Что получилось в Советском Союзе? Социалистический реализм предполагал, что учиться нужно у народа и у жизни. Хочешь написать про шахтёров? Поезжай в шахтёрские посёлки, изучай быт и нравы горняков. В результате в отношении танцев получилось то, что большинство балетмейстеров, ставивших народные танцы, аутентичных народных танцев и не искало. Руководители главных ансамблей народного танца страны Игорь Моисеев, и Надежда Надеждина признавались, что их задача подобна задачам Петра Чайковского или Модеста Мусоргского, которые брали народную основу, например, «Во поле березка стояла» или «Камаринскую» и на ней ставили классический музыкальный шедевр. Это создание нового, изобретение.

Но Надеждина и Моисеев могли себе такое позволить говорить, что в детстве они эти танцы видели на сельских праздниках, но сами не ездили в специальные этнографические экспедиции. Большинство же других хореографов, имевших доступ к прессе, утверждали, что они ездили по деревням, собирали фольклор и ставили его на сцене. Архивные данные не подтверждают этот факт, экспедиции были, но начались они в 60-е или 70-е годы. Это была попытка возрождения народного искусств на городской сцене, очень близкая к оригиналу. Но на сцене ставить это было невозможно, я имею ввиду монотонный, бесконечный танец. Кому это было интересно? И получается, что большинство историй о поездках в деревни для сбора материала – это хореографические фейки, но для того, чтобы доказать подлинность своего танца, эти истории нужно было изобретать.

Можно с уверенностью сказать, что эти танцы не являлись народными в прямом смысле слова, потому что помимо прочего существует большая сложность с записью танца. Не существовало универсальной и надёжной системы нотации. Даже если ведётся видеосъёмка, то снимается только часть: кто-то оказывается за кадром, кто-то спиной, в любом случае при переносе такой записи на сцену идёт додумывание.

— То есть любой танец – это в любом случае интерпретация хореографа?

— Да. Потом нужно учитывать, что деревенский танец – это во многом импровизация в зависимости от настроения, состава танцовщиков, повода, по которому люди танцуют.

— А изобретение историй про этнографические экспедиции – это ответ деятелей культуры на требование власти или, что называется «инициатива снизу»?

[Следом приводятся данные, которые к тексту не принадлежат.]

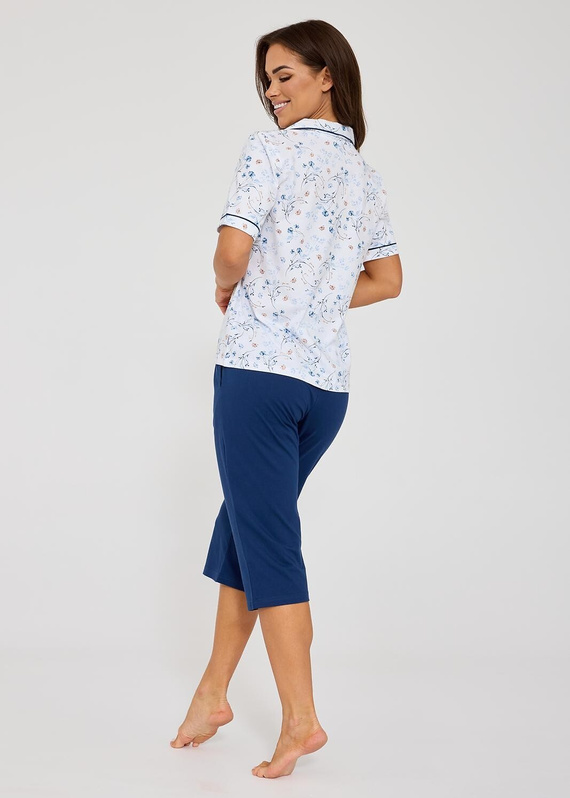 Cornette Yvonne 347/347 piżama damska bawełniana rozpinana kwiaty 7/8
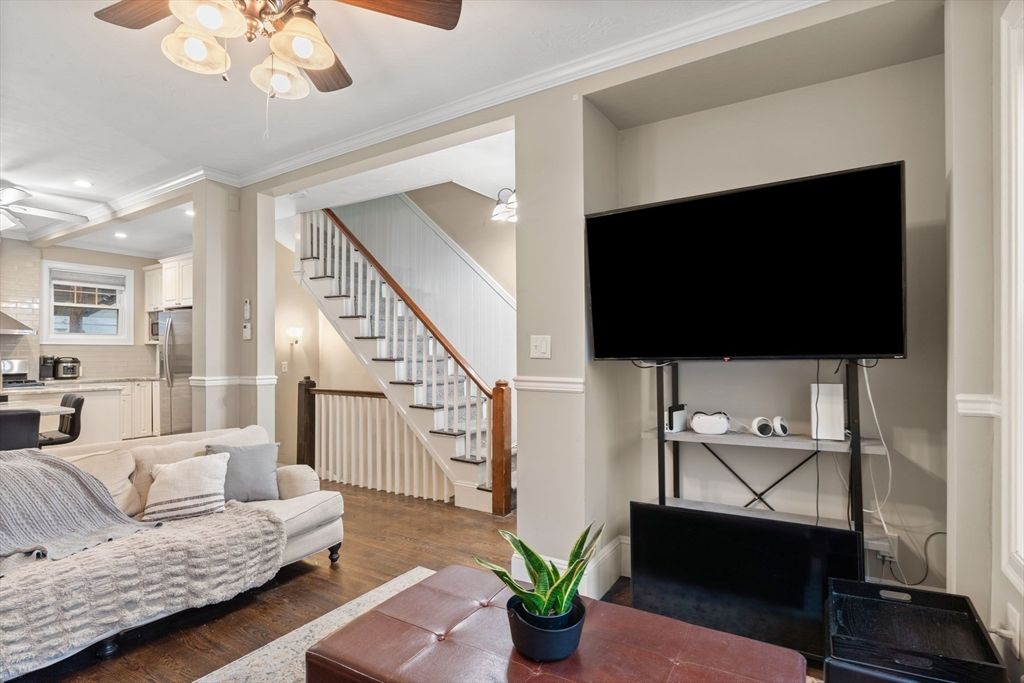 Interior, Kitchen, Living room, Recessed Lighting, Stainless Steel Appliances, Wood Texture Flooring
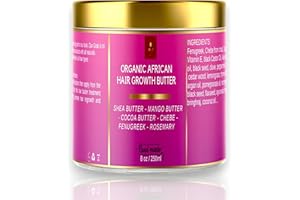 MAKOF BEAUTY Chebe Hair Growth and Thickening Butter - Ayurvedic Deep Conditioner with Shea, Cocoa, Mango Butter, Fenugreek, and Rosemary for All Hair Types, 8 oz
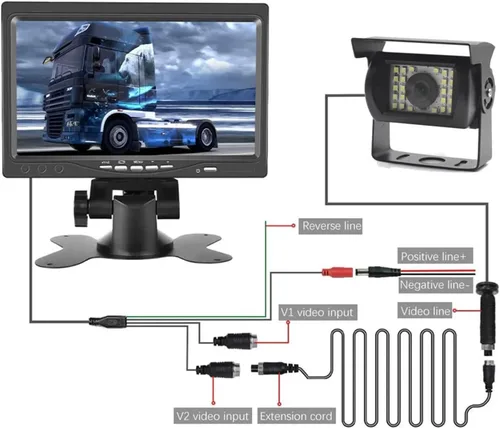 Miniatura 7 de Monitor de pantalla LCD TFT de 7 pulgadas para automóvil, kit de cámara de respaldo con cable de 49.2 ft para 18L/ ED IR Cam 10M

— Это сложный пинг-понг. Прямые причинно-следственные связи восстановить сложно. Хореографы 30-х годов, в том числе и самодеятельные, читали передовые статьи в газете «Правда». А там они видели, например, в статье «Балетная фальшь» в феврале 1936 года разгромную критику балета «Светлый ручей» на музыку Дмитрия Шостаковича. Там как раз и писалось, что, если хочешь ставить балет про народ, то над ним не издевайся, не создавай «кукольных», выдуманных, безжизненных персонажей, а поезжай в деревню. Хореографы всё это читали и понимали, как нужно соответствовать. А дальше действуют изобретённые традиции: один сказал, что записал танец в деревне, другой подхватил. Было по-разному: люди цитировали не только власть, но и друг друга. Это было сообщество, в котором было принято говорить: «Да, мы учимся у народа».